Мизгирь (Томас Йоханнес Майер) – тот обычный мужик в чёрном, типа итальянец из Сан-Ремо, пошлый мачо. А Лель – певец иного типа, порождающий несбыточные грёзы, заманивающий в никуда. Если бы ещё поставить этому Лелю особую, эльфическую пластику, было бы совсем идеально. Пока артист поёт великолепно, а двигается скованно. Кудрявая Купава же (сочная Мартина Серафин) безупречна.
Итак, несмотря на шалости вроде спортивной куртки на Лешем и камуфляже на Бермяте (это боярин Берендея), Римский-Корсаков звучит и торжествует. Стульев становится всё больше. Вокруг царя Берендея (Максим Пастор) они уже в два ряда. Царь в очках, грузный, седой, на досуге пишет портрет Весны. В лесу, на играх берендеев, пробегают несколько статистов голышом и в венках. Но очень ненавязчиво для язычников. И вдруг (это середина второго действия) все шутки у режиссёра заканчиваются, он делается прост и печален, перестаёт подмигивать залу (мол, это мы так, резвимся, мы комедианты).
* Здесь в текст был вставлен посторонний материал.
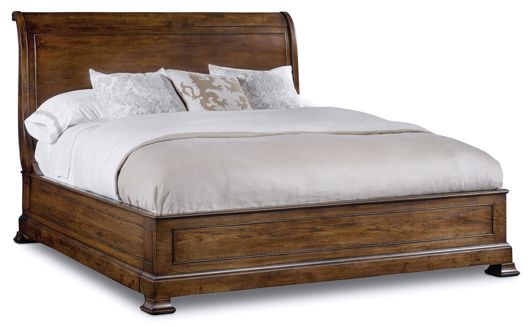 Picture of Queen Sleigh Bed w/Low Footboard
На сцене – лес, высокие деревья. Пускают поворотный круг, старый добрый поворотный круг, как на детском утреннике в каком-нибудь советском театре. И девочка Снегурочка в беленьком платьице с мамой Весной бредут по этому лесу, и девочка просит у мамы любви, а та боится за неё, но не дать любви не может. (Преступлением с моей стороны было бы не отметить виртуозную, полную нюансов и с огромным вкусом сделанную работу по свету Глеба Фильштинского.) Две женские фигуры, лес, музыка... И всё это так трогательно, прекрасно, грустно, нежно, так полно тайны, тревоги, радости и страдания. И ничего более не нужно. Особенно стульев!
Так же серьёзно и прекрасно решена и последняя картина. Беленькое платье Снегурочки уже заляпано чёрным (грязь? пепел?), она не тает, но падает на планшет, её относят чуть в сторону, чтобы не мешала ликующему народу, который приветствует горящее колесо, своего бога – Ярилу. Берендеи вовсе не жестоки, но они иной природы, чем Снегурочка, – божественное дитя, искупительная жертва. И это бесспорно – при любом русском народном ликовании кто-то мёртвый обязательно лежит поодаль...
Зал стоял и вопил минут пятнадцать. И это при том, что полноценно спеты были три партии – Снегурочка, Лель, Купава, остальные работали крайне неровно. Черняков сегодня сочиняет трактовки классических опер лучше многих прославленных режиссёров. Единственное, что его подводит, – опаска быть немодным. Не в тренде и загадочные пристрастия к некоторым приёмам (стулья, детали советского быта).
Что касается Островского и Римского-Корсакова – они по-прежнему делают для России всё что могут. В их изображении прекрасней страны не было и нет.